PurposeOur aim was to determine the cost-effectiveness of two intracranial electroencephalography (iEEG) interventions: 1) stereoelectroencephalography (SEEG) and 2) placement of subdural grid electrodes (SDGs) both followed by resective surgery in patients with drug-resistant, partial-onset epilepsy, compared with medical management (MM) in Hungary from payer's perspective. MethodsThe incremental health gains and costs of iEEG interventions have been determined with a combination of a decision tree and prevalence Markov process model over a 30-year time horizon in a cost–utility analysis (CUA). To address the effect of parameter uncertainty on the incremental cost-effectiveness ratio (ICER), deterministic and probabilistic sensitivity analyses were performed. ResultsOur results showed that both SEEG and SDG interventions represent a more expensive but more effective strategy than MM representing the current standard of care. The total discounted cost of SEEG and SDG were € 32,760 and € 25,028 representing € 18,108 and € 10,375 additional cost compared with MM, respectively. However, they provide an additional 3.931 (in SEEG group) and 3.444 quality-adjusted life years (QALYs; in SDG group), correspondingly.
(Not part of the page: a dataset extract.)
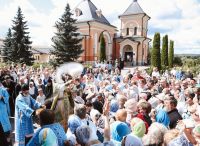 Наши паломники молились на престольном празднике Казанского храма Введенского ставропигиального мужского монастыря Оптина пустынь Наши паломники молились на престольном празднике Казанского храма Введенского ставропигиального мужского монастыря Оптина пустынь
Thus, the ICER of SEEG is € 4607 per QALY gain, while the ICER for SDG is € 3013 per QALY gain, compared with MM. At a cost-effectiveness threshold of € 41,058 per QALY in Hungary, both subtypes of iEEG interventions are cost-effective and provide good value for money. SignificanceBecause of the high cost of implanting electrodes and monitoring, the invasive EEG for patients with refractory epilepsy is currently not available in the Hungarian national healthcare system. Our study demonstrated that these procedures in Hungary are cost-effective compared with the MM. As a result, the introduction of iEEG interventions to the reimbursement list of the National Health Insurance Fund Administration was initiated.